Making the most of doping

19 Oct 2005 Isabelle Dumé

The performance of semiconductor devices can be improved by controlling the position of dopants within them according to scientists in Japan. Takahiro Shinada and colleagues at Waseda University in Tokyo were able to reduce the threshold voltage for transistors by implanting dopant ions one by one to form arrays. The technique could also prove useful in efforts to build a silicon-based quantum computer (Nature 437 1128).

Single-ion implanter

Doping generally involves adding impurities to change the electronic properties of semiconducting materials by increasing the number of charge carriers, which can be electrons or “holes”. Although the dopant atoms are randomly dispersed throughout the material, their distribution is assumed to be fairly uniform. However, as the size of semiconductor devices continues to shrink, this uniformity can no longer be taken for granted. Some regions will contain significantly more charge carriers than others, and this will adversely affect the performance of the device.

Shinada and co-workers use a single-ion implantation technique to overcome this problem. A small aperture is used to extract ions from a focussed ion beam and they are directed one by one into a nano-sized region of semiconductor until the required number of dopant atoms have been implanted. The team count the number of ions implanted by detecting secondary electrons.
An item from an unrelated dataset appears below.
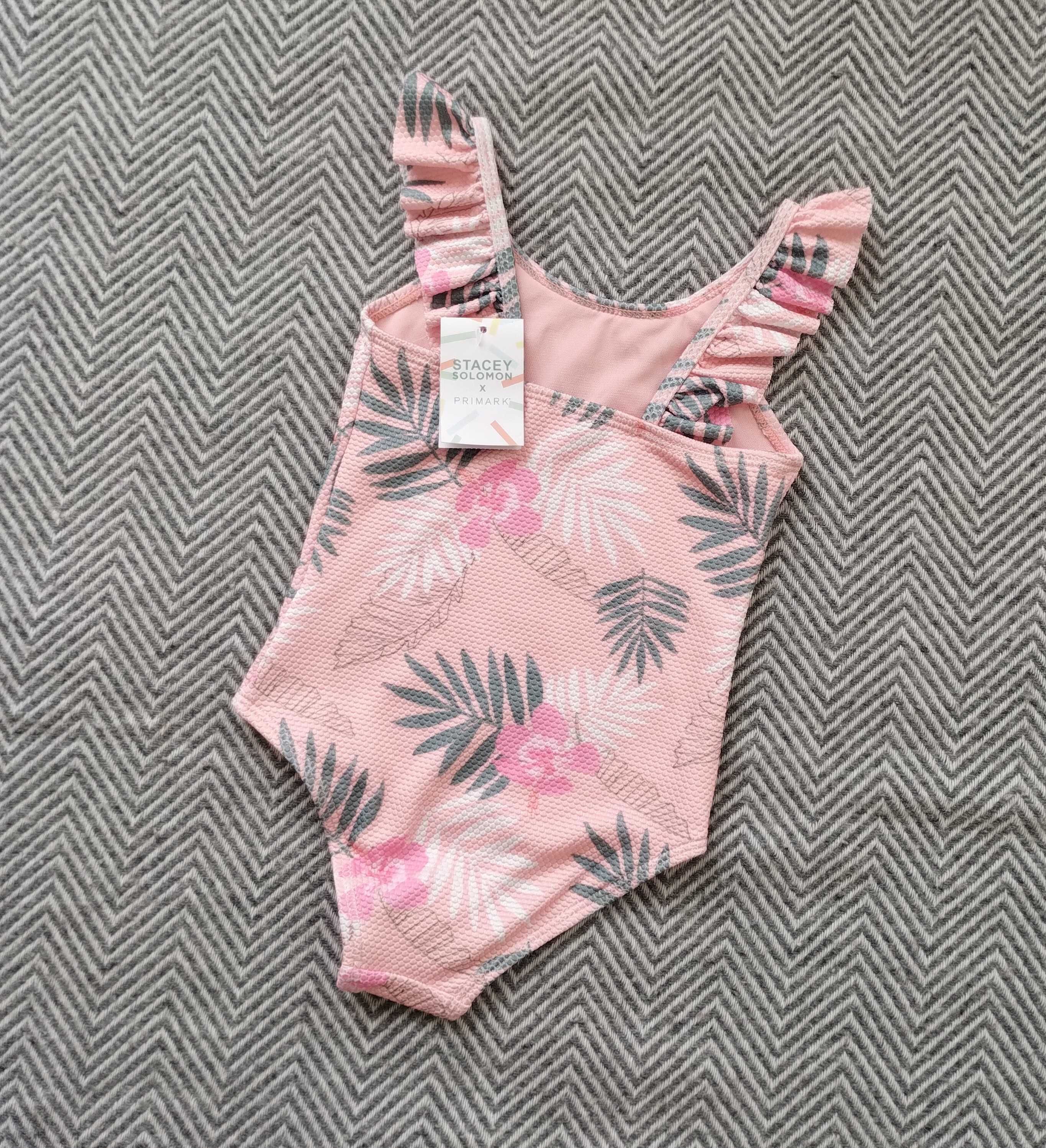 Бански Primark за момиче ръст 92см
A wide variety of ions – including beryllium, boron, phosphorus, iron and cobalt – can be implanted with a precision of 60 nm. When the Japanese team implanted phosphorus ions at 30 kilovolts into a 100 nm-wide channel in a transistor, they found that the threshold voltage decreased from -0.4 volts, the value for a conventional device with random doping, to just -0.2 volts. The group says that the improvement is a result of the electrostatic potential in the channel being more uniform due to the ordered distribution of dopant atoms (see figure).

Although the technique is too slow for high-volume chip manufacturing, the team plans to modify the ion beam so that single ions can be implanted with an accuracy of better than 10 nm, which should allow it to make single-atom devices.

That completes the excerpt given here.